I didn’t deal with it well at times. Really still. Yeah, I didn’t just because for me it was just I expected so much out of myself, and if you didn’t hit three 50, I thought, oh man, well my brother hit three 50. Well, two 70 is pretty good, two 80 in pro ball, that’s above average. Two 50 is average. And so I didn’t do well with, and this is just internally, even though other people I got help with, all this stuff is putting way too high of expectations, obviously, hey, shoot for the stars. But even though I did well, I would never give that credit to myself, man, that’s still really, really good. And you’re like, this is why when I teach kids now, it’s like, no, let’s focus on what you did. Well, let’s take learn from my mistakes. It’s like, let’s take this small victory and let’s think about it.
Not just like, oh, it’s not that big a deal. I went one for four and I smoked another ball, but I just went one for four. I’m like, oh no, you hit two balls hard.

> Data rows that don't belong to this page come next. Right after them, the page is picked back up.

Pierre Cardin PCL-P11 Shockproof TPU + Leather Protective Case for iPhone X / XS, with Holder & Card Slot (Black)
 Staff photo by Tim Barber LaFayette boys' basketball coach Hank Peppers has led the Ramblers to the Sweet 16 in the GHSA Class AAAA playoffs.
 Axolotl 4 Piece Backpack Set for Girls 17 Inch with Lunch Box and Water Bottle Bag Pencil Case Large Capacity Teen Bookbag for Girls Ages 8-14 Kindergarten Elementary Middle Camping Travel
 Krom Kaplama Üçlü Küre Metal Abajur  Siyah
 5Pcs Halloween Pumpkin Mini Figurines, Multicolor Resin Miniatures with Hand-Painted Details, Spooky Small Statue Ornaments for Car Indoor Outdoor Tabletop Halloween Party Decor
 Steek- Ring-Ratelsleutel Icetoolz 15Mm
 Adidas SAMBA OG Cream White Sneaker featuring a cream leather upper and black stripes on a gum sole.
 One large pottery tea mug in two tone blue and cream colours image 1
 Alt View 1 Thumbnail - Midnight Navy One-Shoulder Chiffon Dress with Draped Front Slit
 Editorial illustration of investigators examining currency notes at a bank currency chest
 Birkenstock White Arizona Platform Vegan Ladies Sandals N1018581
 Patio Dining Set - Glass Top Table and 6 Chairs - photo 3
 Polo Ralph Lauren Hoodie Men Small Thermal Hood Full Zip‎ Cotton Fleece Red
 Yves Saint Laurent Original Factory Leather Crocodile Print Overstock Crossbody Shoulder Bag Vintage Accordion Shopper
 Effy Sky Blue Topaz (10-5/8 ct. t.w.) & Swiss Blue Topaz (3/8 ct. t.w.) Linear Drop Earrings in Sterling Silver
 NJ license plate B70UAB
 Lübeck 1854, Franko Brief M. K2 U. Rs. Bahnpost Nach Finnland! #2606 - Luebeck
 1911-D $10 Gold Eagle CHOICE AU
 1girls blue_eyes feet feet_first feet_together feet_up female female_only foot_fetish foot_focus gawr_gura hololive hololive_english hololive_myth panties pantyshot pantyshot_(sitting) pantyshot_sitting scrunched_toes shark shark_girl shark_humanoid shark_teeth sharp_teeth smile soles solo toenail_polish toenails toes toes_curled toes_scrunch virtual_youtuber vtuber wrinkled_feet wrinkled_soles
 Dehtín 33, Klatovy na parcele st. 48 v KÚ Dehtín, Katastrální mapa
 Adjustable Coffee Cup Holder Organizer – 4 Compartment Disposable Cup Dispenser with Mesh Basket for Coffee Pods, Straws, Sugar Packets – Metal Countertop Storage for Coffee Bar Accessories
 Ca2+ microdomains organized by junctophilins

That’s 500. In reality, if the guy’s not standing there, you don’t hitting his glove. Let’s think about that as opposed to one for four, that’s just whatever. It’s okay. That’s just an average day, whatever, it’s two 50 is average. So I try to have people harp on that more so than thinking the other way because that’s something that I didn’t do very well. And then nowadays when people are in ball and minor leagues and there’s so much more help on the mental side of the game that I wish, not that I wish I did take advantage of a lot of it, but I wish I’d even a younger age that I’d started thinking differently about at bats, thinking differently about struggles, thinking differently about those little victories to help me stay more positive in this very, very negative game obviously that we’re in.
Ain’t that the truth? So you kind of alluded to it earlier, the beginning of the travel ball thing and how you guys started. So it started with the, but what would you say with GBG and you in particular some of your core, the things that are most important to you in your organization? What do you think?
Well, the first thing that was, it was communication before I even started my first team. And when I worked for another club, that was one thing that I wanted to make sure that I did better than anybody else was communicating. Like I said, I’ve never said GBG, that, and I say this in my speeches that I give is we’re never going to say that we’re better than everybody. I’m never say, Hey, we’re the best at, we’re the best team around. We’re this, we’re that we’re going to be different and we’re going to be different in positive ways. And I said, but one thing that we’re going to be the best at is communicating. And if we don’t communicate well, then you might as well not have a program. Because when I surveyed about 15 people that I know that in the travel ball world, I said, give me the top five things that you like about travel ball. Give me the top five things that you hate and wish it got better. And it was one and two was it never got to three things that they disliked or things that they said that they needed. It was communication was either one or communication was two in both.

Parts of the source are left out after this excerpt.